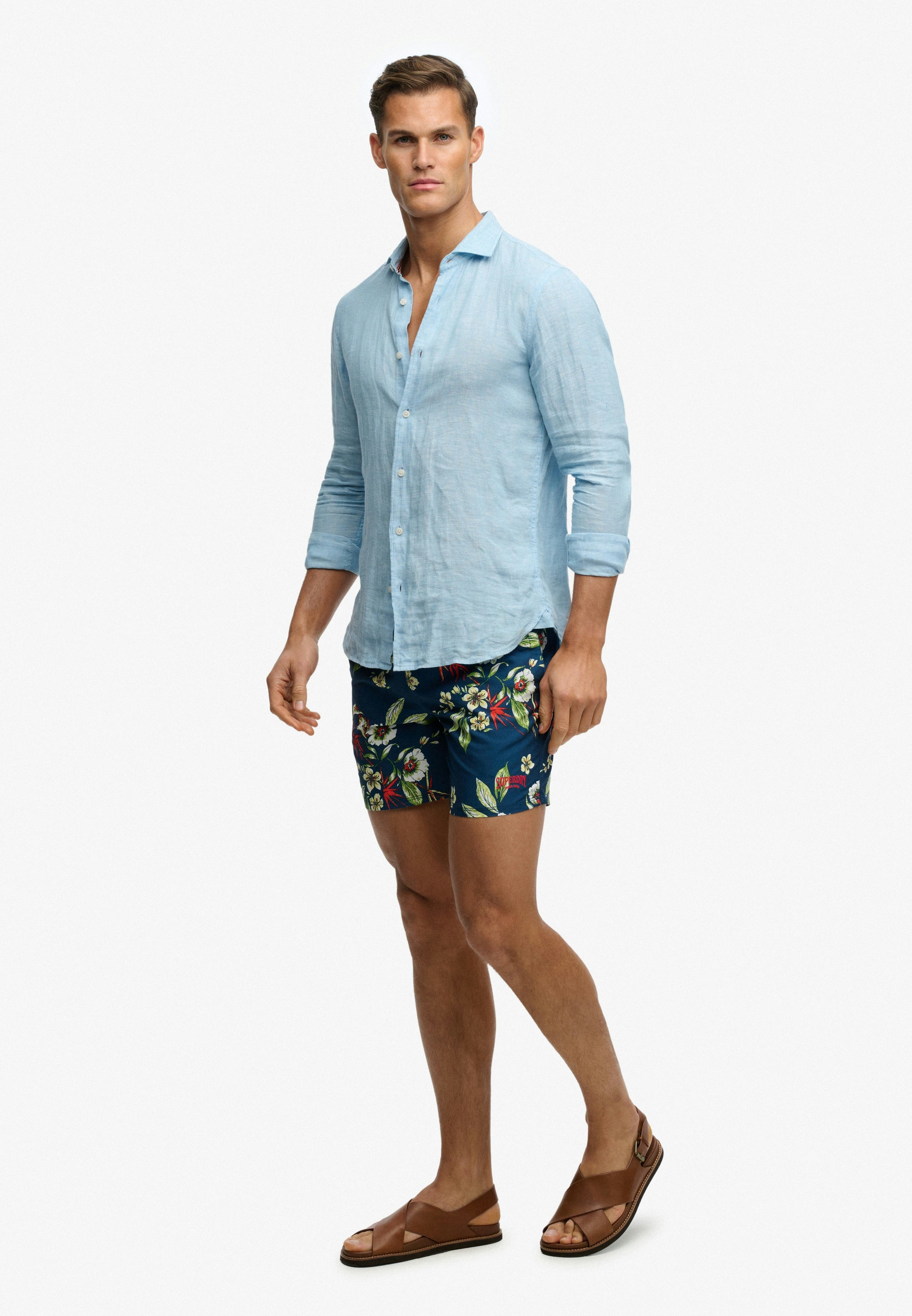 Hawaiian Print 16-inch Swim Shorts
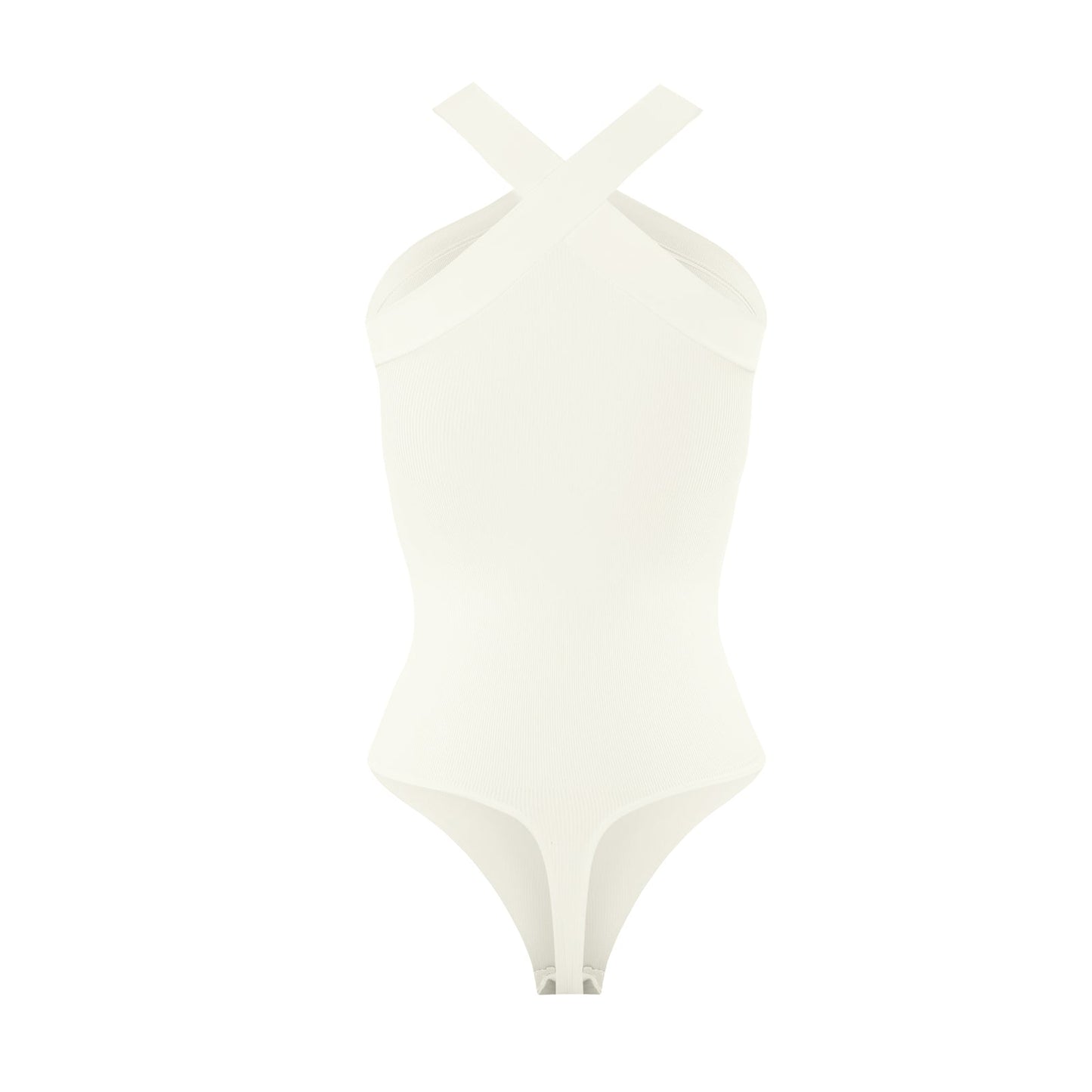 Crossover Halter Shapewear Bodysuit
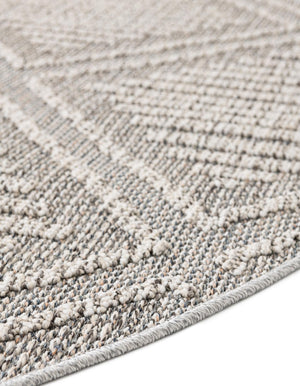Light Gray 5' 3 x 5' 3 Symphony Outdoor Round Area Rug Weather Resistant for Patio, Deck, Terrace, Balcony, Porch Durable Outside Carpet for Sale at Rug Engine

◇ ◇ ◇ ◇

What is needed is a word-for-word copy of the data above, free of any images.

 Hawaiian Print 16-inch Swim Shorts
 Crossover Halter Shapewear Bodysuit
Light Gray 5' 3 x 5' 3 Symphony Outdoor Round Area Rug Weather Resistant for Patio, Deck, Terrace, Balcony, Porch Durable Outside Carpet for Sale at Rug Engine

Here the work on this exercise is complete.